* _GOAL OF THE EXERCISE_:
Write back every entry exactly as it reads, with the pictures left behind.

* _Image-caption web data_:
▬▬▬

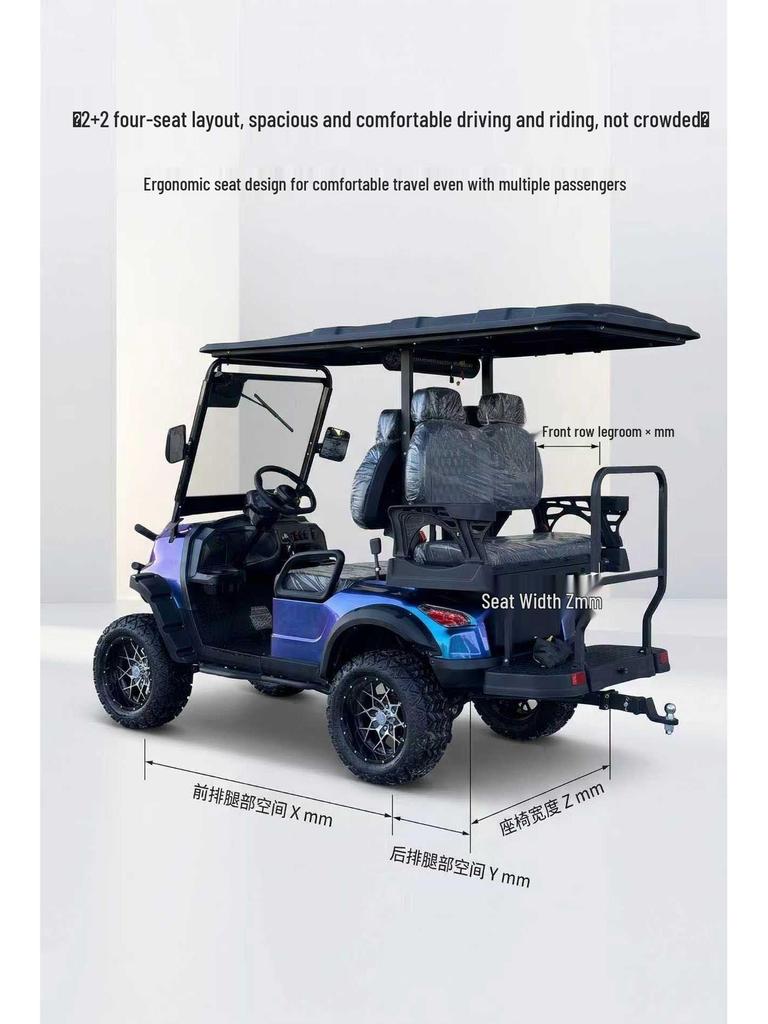 2-8 Seat Golf Cart for Tourist Areas, Hotels, and Scenic Tours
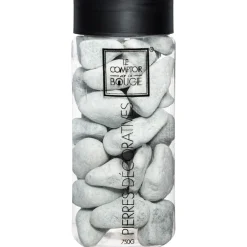 Pedras decorativas cinza médias 750gr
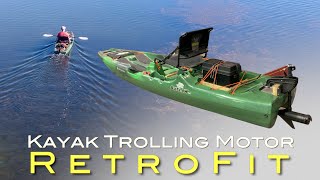 DIY Kayak Trolling Motor Retrofit ($160)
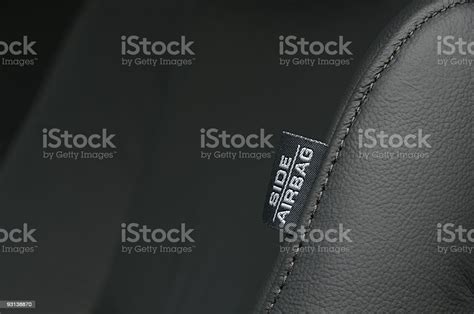 airbag label stock photo  image  airbag label leather istock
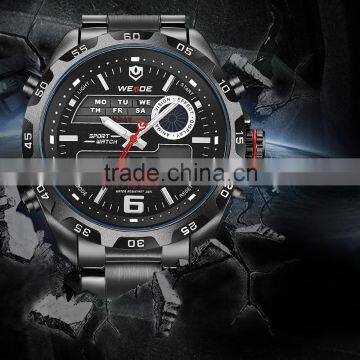WEIDE top brand luxury watch movt quartz watch which buy direct from china manufacturer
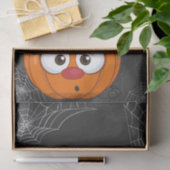 Leuke Spooky Kat en Pompoen Halloween Tissuepapier (Geschenk)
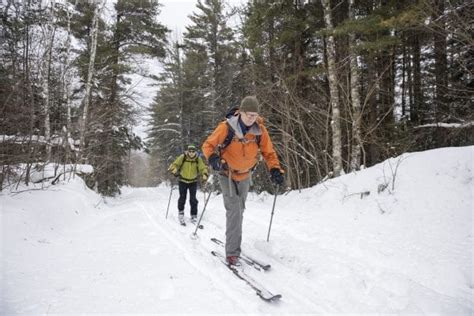 Summiting snowy Hurricane Mountain - Adirondack Explorer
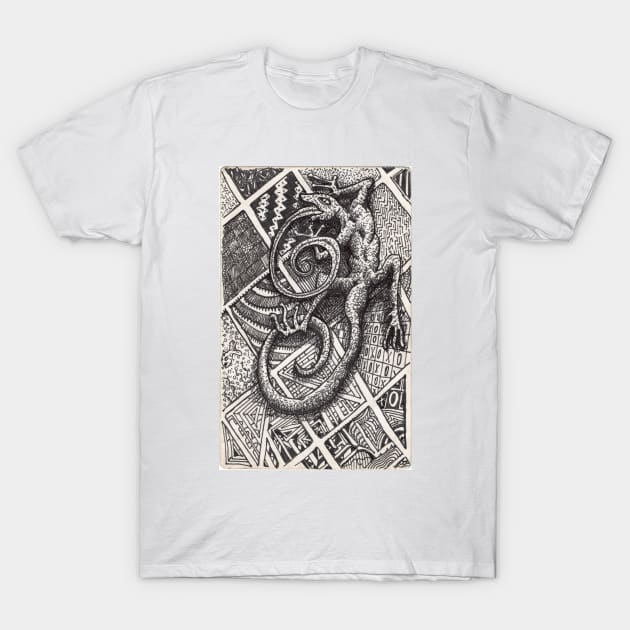 Salamander T-Shirt by Backbrain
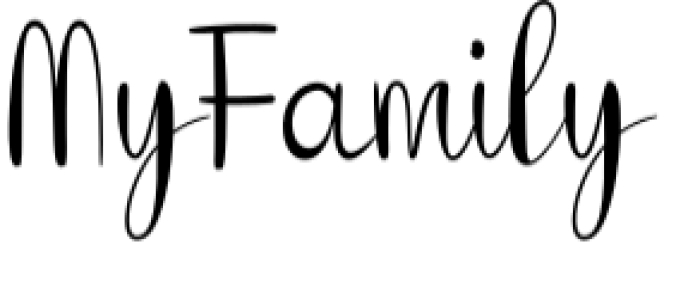 My Family Font Preview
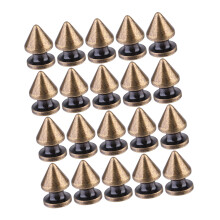 100Pcs Golden DIY Rivets Metal Spikes for Clothing Shoes Bags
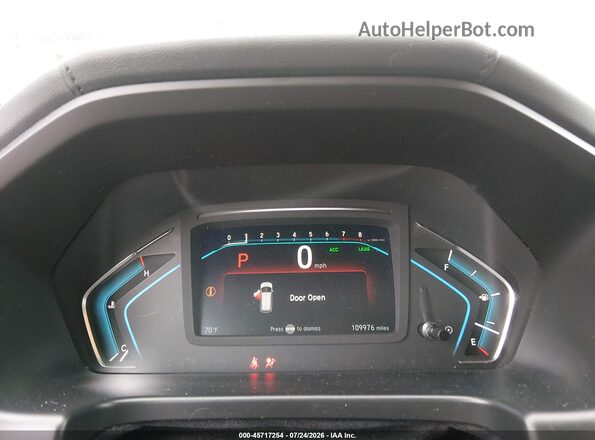 5FNRL6H75JB039009 2018 HONDA ODYSSEY Silver Vista de los asientos traseros
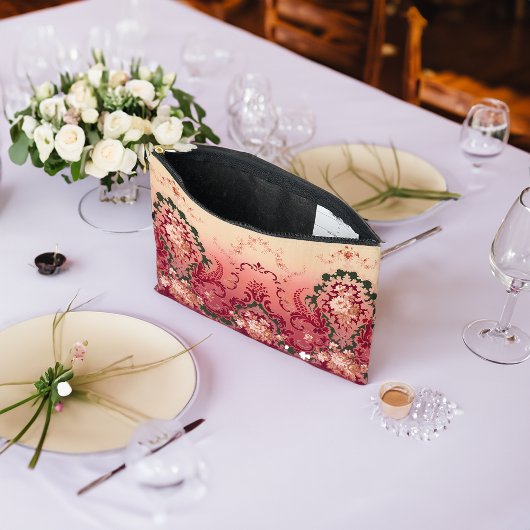 Bloemmedaillons Bloemboeket inzetstukken foliaat Etui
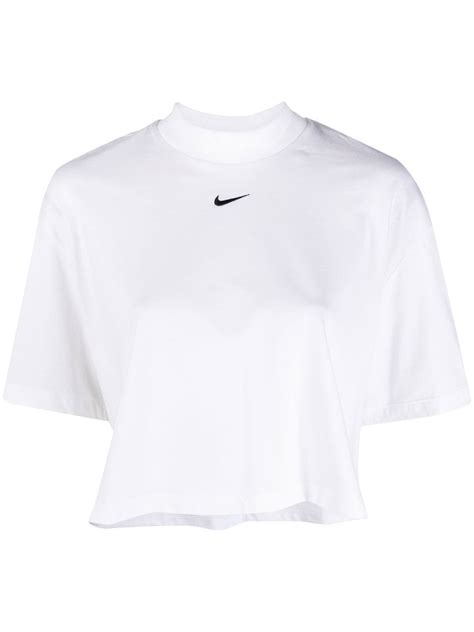 Nike logo-print Cropped T-shirt - Farfetch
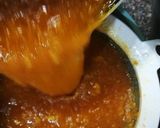 A picture of step 8 of Qamar Al din orange juice.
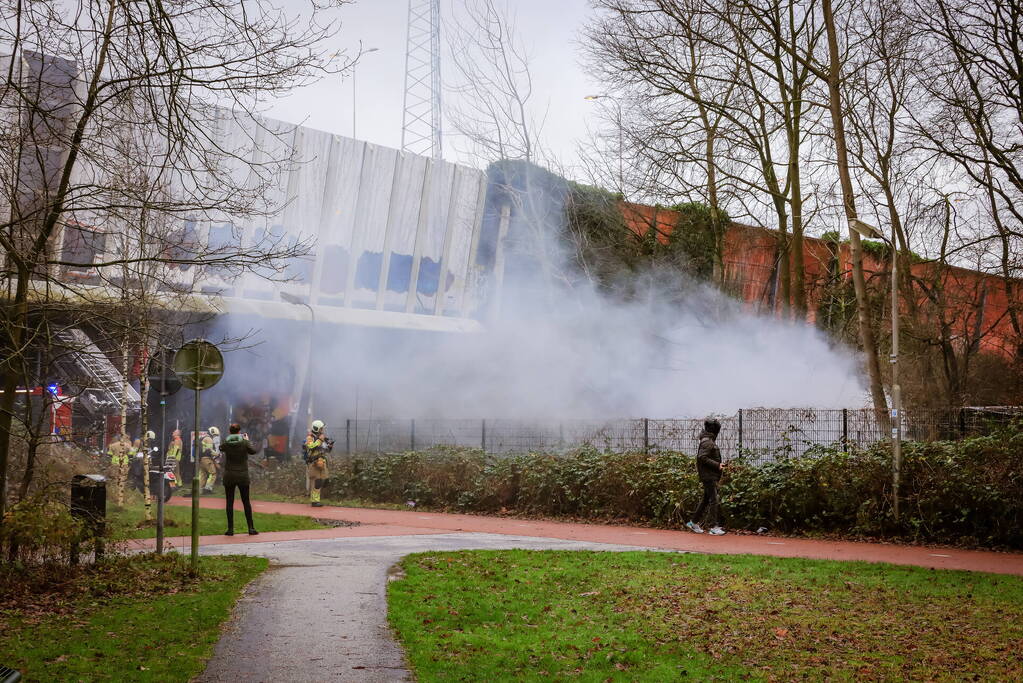 Schuur in volkstuin afgebrand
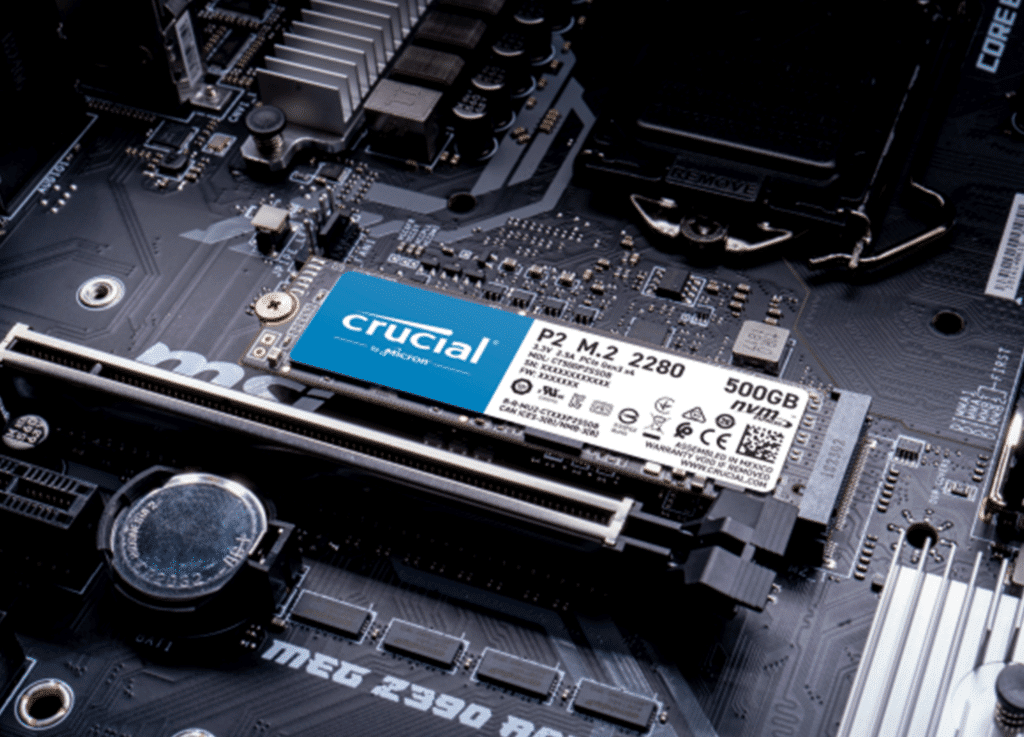 Crucial P2 1TB PCIe M2 2280SS SSD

▬▬▬

* _REPLY TO THE TASK_:
 2-8 Seat Golf Cart for Tourist Areas, Hotels, and Scenic Tours
 Pedras decorativas cinza médias 750gr
 DIY Kayak Trolling Motor Retrofit ($160)
 airbag label stock photo  image  airbag label leather istock
WEIDE top brand luxury watch movt quartz watch which buy direct from china manufacturer
 Leuke Spooky Kat en Pompoen Halloween Tissuepapier (Geschenk)
 Summiting snowy Hurricane Mountain - Adirondack Explorer
 Salamander T-Shirt by Backbrain
 My Family Font Preview
 100Pcs Golden DIY Rivets Metal Spikes for Clothing Shoes Bags
 5FNRL6H75JB039009 2018 HONDA ODYSSEY Silver Vista de los asientos traseros
 Bloemmedaillons Bloemboeket inzetstukken foliaat Etui
 Nike logo-print Cropped T-shirt - Farfetch
 A picture of step 8 of Qamar Al din orange juice.
 Schuur in volkstuin afgebrand
 Crucial P2 1TB PCIe M2 2280SS SSD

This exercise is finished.